Наконец, выяснится третье обстоятельство, принципиальное для понимания нашей истории вообще: несмотря на титанические полицейские усилия самодержавия, которые во всем мире сделали слово «Сибирь» синонимом проклятья и изгнания, роль каторжан, ссыльных и поселенцев (при помощи которых предполагалось колонизовать край) в освоении Сибири оказалась удручающе мала. Крепко оказалось лишь то, что безо всякой государственной помощи и вне всякого государственного замысла создавалось непосредственно народом.

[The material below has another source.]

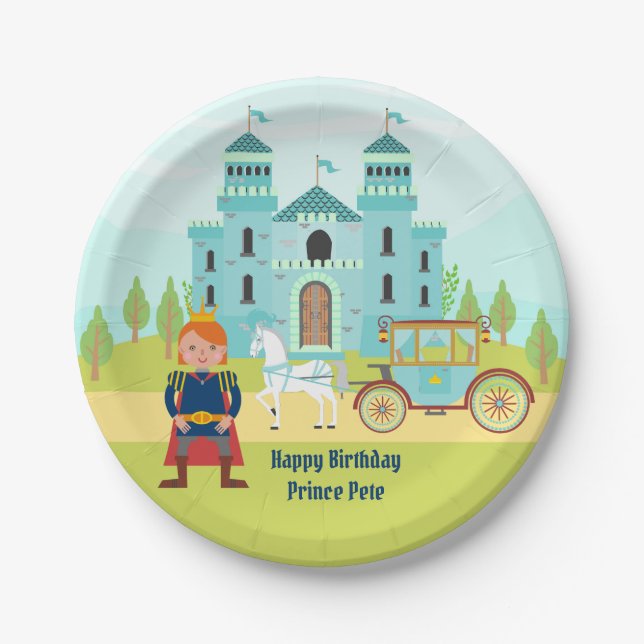 Royal Prince Boy Birthday Party Pappteller (Vorderseite)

Роль «каторги» свелась к нулю, когда были выработаны Нерчинские серебряные рудники, а золотые прииски на Каре истощились настолько, что их сочли возможным отдать в руки частных промышленников. Отвод «на поселение» оказался чисто бюрократической утопией. Кропоткин пишет, что из полумиллиона человек, высланных в Сибирь за 60 лет XIX столетия, лишь 130 тысяч числились позже в административных списках – остальные исчезли неизвестно куда. Были попытки строить за казенный счет поселенцам дома – в результате целые поселки оставались пустыми; давали крестьянам по 50 рублей, если кто выдаст дочь за поселенца, но, как правило, это никого не соблазняло. Испорченные этапами, не имеющие навыков жизни в этих краях зятья были никому не нужны. Не менее ста тысяч человек ежегодно находилось «в бегах», пробираясь из Сибири на запад или вообще неизвестно куда. В некоторых районах охота на «горбачей» (как прозывали беглецов) на проторенных бродяжьих тропах у местных охотников-метисов превратилась в вид жестокого промысла. В целом, по заключению Кропоткина, помимо некоторого положительного влияния русских и польских политических ссыльных на развитие ремесел и такого же влияния на развитие земледелия крестьян-сектантов и украинцев (которые высылались в Сибирь целыми волостями) полуторавековая история государственной колонизации Сибири не дала ничего…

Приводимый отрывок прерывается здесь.